Ian Varley 2011-09-14, 22:33
Point well taken, Mike. :) It's a bad idea to assume we know the original poster's requirements well enough to suggest a direction, based on such a brief sketch.
Original poster, let me be clear: a data set of your size may (or may not) be a good fit for doing in HBase; relational databases regularly do that volume of transactions happily, and offer advanced features and ACID guarantees that HBase does not. If you'd like more targeted advice from the community, perhaps answer the following questions:
1. Is the 500M rows you refer to a max target, or just the initial volume? Is there some other multiplier you didn't mention? (You said, "if it works good, this could be used widely")
2. What kind of read access patterns will you have? I.e. do you always get the data by a specific key, or scan across ordered rows? Or, would you need to be able to gather data in real time based on filters on other attributes (like you'd use an index in a relational DB for).
3. How big is the content of a typical row, in bytes?
4. Is using a more "industrial strength" DB like Oracle an option? Or would you be doing it on a free offering like MySQL or Postgres? Would you have a DBA to help administer the solution?
On Sep 14, 2011, at 4:23 PM, Michael Segel wrote:
> I think you misunderstood my point.
> The initial author asks a question about using HBase, yet doesn't really provide enough detailed information as to what he wants to achieve and why he is failing.
> My point was based on the information that he presented, he didn't show how or why his RDBMs solution was failing. (Or what he meant when he used the term fail.)
> There are so many reasons why the RDBMs could fail and it could be a factor of which RDBMs is being used.
> I've seen 50K ticks a second being ingested in to Informix's Financial Foundation offering 10 years ago. Here, there is a specific set up of the servers and configuration of IDS.
> But that's 50K records inserted in a second, not 5K every 5 minutes.
> Is it trivial? Probably not trivial, but still not really rocket science.
> But I digress. Again the point is that we have a person coming here and asking us 'is this a good fit' and it would be better to say 'it depends' or 'you haven't provided enough information...'
> To your point, yes, there are other databases out there like Informix and Oracle that scale better than MySQL. If the issue is that his RDBMs can't keep up, then one question I have to ask is if he's thought about changing to a different RDBMs platform. What happens if you say sure we can do this in HBase, and then he pulls out his 'must be ACID compliant' card?
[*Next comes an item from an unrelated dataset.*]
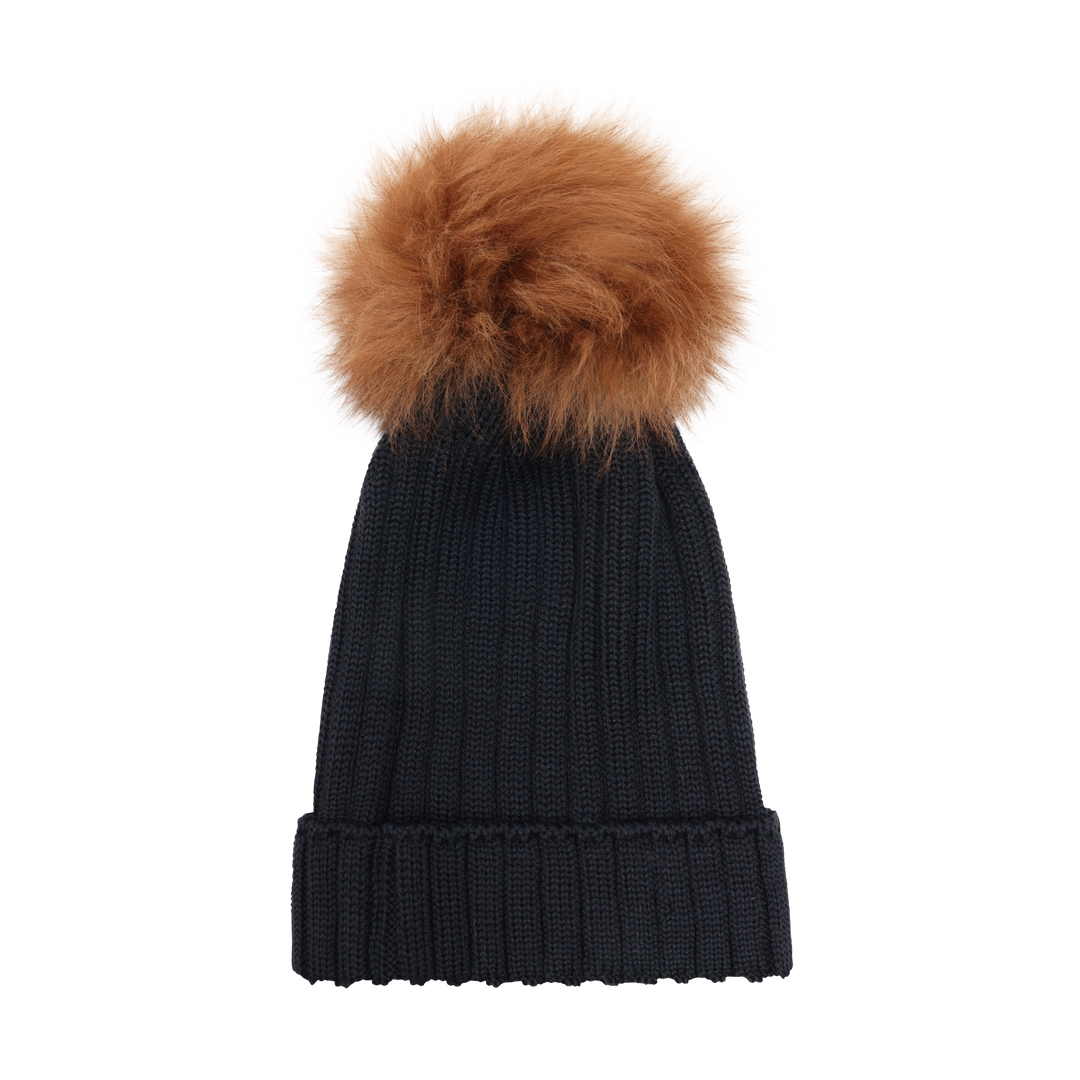 HUTTEliHUT | Hat Knit Alpaca Pompom - Dark Navy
>> From: [EMAIL PROTECTED]
>> To: [EMAIL PROTECTED]
>> Date: Wed, 14 Sep 2011 12:01:46 -0700
>> Subject: Re: Should I use HBASE?
>> That's an important point to make, Michael. Jumping to HBase (or any NoSQL store) from an RDBMS has pros and cons; the pros are generally that you can scale linearly on cheap(er) hardware as your data and usage grows, but the cons are that many things you take for granted in an RDBMS (like transactions, joins, indexes) aren't built in. You shouldn't assume that just because it's "a lot" of data, that an RDBMS won't handle it well. Benchmarking is key.
>> In this case, 6-months' worth of data at a rate of 10K inserts per 5 minutes comes out to a steady state of about 500M rows (is that what you mean, @stable29?). Even with skinny rows, that's not "trivial" for a relational database, especially if that database is MySQL. It can work, but you'll have to have someone who really understands the DB at a low level and can administer it, troubleshoot, deal with physical deletion after the 6 months is up, etc. If you ever need to change your schema while keeping the system online, that could also be a challenge. These things are all TOTALLY doable on a relational DB, but you are at least edging towards the territory where there's a reasonable case to be made for HBase.